Stapp ri. "Eu nunca tinha estado em uma
banda antes, achava que todo mundo era bom!" Quando Phillips, que estava morando no
lugar de ensaio, tocou com Tremonti uma música do Living Color, Tremonti soube que era
isso! Phillips estava dentro! Marshall se uniu ao grupo um tempo depois, quando sua antiga
banda acabou. Depois de pagar suas dívidas tocando covers por bares de Talahassee, o
quarteto começou a trabalhar suas próprias músicas...mas ainda estando perto de casa.
"Nós nunca viajamos," diz Tremonti, quase com orgulho. "Nós nunca fizemos
o circuito club da Flórida como todas essas outras bandas, nós só tocamos uma vez por
mês nesse bar chamado Floyd's Music Store." O ponto decisivo veio quando eles se
esforçaram e juntaram algum dinheiro para registrar as músicas deles. "Quando nós
já tínhamos algumas músicas veio o interesse por um agente- ele era um promoter
local," Marshall recorda. "Depois de termos gravado My Own Prison, ele levou
para uma estação de rádio e o diretor do programa adorou! Na semana seguinte, My Own
Prison era a mais pedida pelo telefone. Era como uma bola de neve." Creed vendeu
5.000 cópias por Talahassee em dois meses, estações de rádio de Tampa e Orlando
também começaram a tocar suas músicas e logo vieram gravadoras atrás deles. Eles
assinaram com a recém-criada Wind-Up( distribuído pela BMG) e remixaram seu álbum. Tudo
isso e eles ainda não tinham saído de Talahassee. "Nós saímos da nossa própria
coisinha," diz Stapp. "Ninguém na Flórida, exceto em Talahassee, sabia da
nossa existência até termos nosso trabalho divulgado nas rádios."
Eles não só se diferem das outras bandas da região pelo fato de nunca terem saído dali
como também pelo fato de não fazerem parte do gênero rock-comercial, tão comum por
ali. Musicalmente, My Own Prison é muito mais pesado; de fato, soando mais como Alice in
Chains (sendo um pouco mais pop e um pouco menos grunge) do que com Seven Mary Three e
MatchBox 20. Em relação às letras, também é como AIC no aspecto de ser negro e
introspectivo. Mas diferentemente da cena de Seatle, há um raio de esperança. "Eu
acho que é como nós somos.
Apesar de tudo de ruim que já passamos em
nossas vidas, nós vimos a luz no fim do túnel, nunca deixamos a esperança de lado e
sabíamos que havia um jeito de sair de onde estávamos," declara Tremonti.

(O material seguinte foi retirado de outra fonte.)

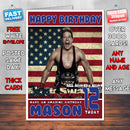 Personalised Jack Swagger WWE Inspired Style Birthday Card (SA)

"Talvez tudo isso passe, não era nada intencional, apenas fluiu naturalmente."
Em quase todas as 10 músicas de My Own Prison há uma referência religiosa, espiritual
ou um questionamento sobre convicções. "Há tantas coisas que nós tratamos nesse
CD; questões governamentais, raciais, dúvidas próprias, auto-piedade, raiva e
amargura,"diz Stapp,"mas a religião tem sido bastante enfocada porque eu uso
uma imagem religiosa nas minhas letras. É como eu aprendi a escrever! Eu tinha que ir à
igreja três vezes por semana, ler e escrever sobre a Bíblia e isso influenciou muito o
modo que eu tinha desenvolvido pra escrever- escrevendo Provérbios três ou quatro
vezes." "As pessoas estão confundindo as coisas, achando que somos uma banda
religiosa, mas nós não somos. É somente o que eu estava passando naquele momento. Eu
estava me questionando, lidando com certos assuntos e indo contra todas as convicções
que tinham me ensinado durante toda minha vida. É difícil para as pessoas entenderem
isso porque elas são usadas estando sujeitas a religiões ou denominações. Eu não
tinha sido sujeitado àquilo, eu tinha nascido naquilo. Eu não tive nenhuma escolha, e
quando eu tive não pude fazê-la, então eu saí de casa. Minha vida inteira é sobre
como ter aquela liberdade de escolha, e não tendo as coisas forçadas à mim. Então isso
é como todos nós somos." Mas, senhores pais, estamos felizes em anunciar que não
existe nenhum rótulo advertindo e deteriorando My Own Prison- o que agrada muito Stapp
quando ele se lembra da sua infância. "Eu não podia escutar rock quando era garoto,
como existem jovens que não podem ouvir em suas casas. Hoje alguns podem porque seus pais
acham que Creed é uma banda religiosa!" O vocalista continua: "É surpreendente
pra mim como as coisas acontecem. Há ateus e cristãos que amam nosso trabalho. Isso é
legal porque é como se atravessássemos um buraco- talvez os ateus possam aprender alguma
coisa com essas pessoas e talvez os cristãos possam aprender alguma coisa dessas
pessoas." Stapp sorri e conclui: "E existem pessoas que nem ligam pra religião;
apenas gostam do nosso som porque ele detona!"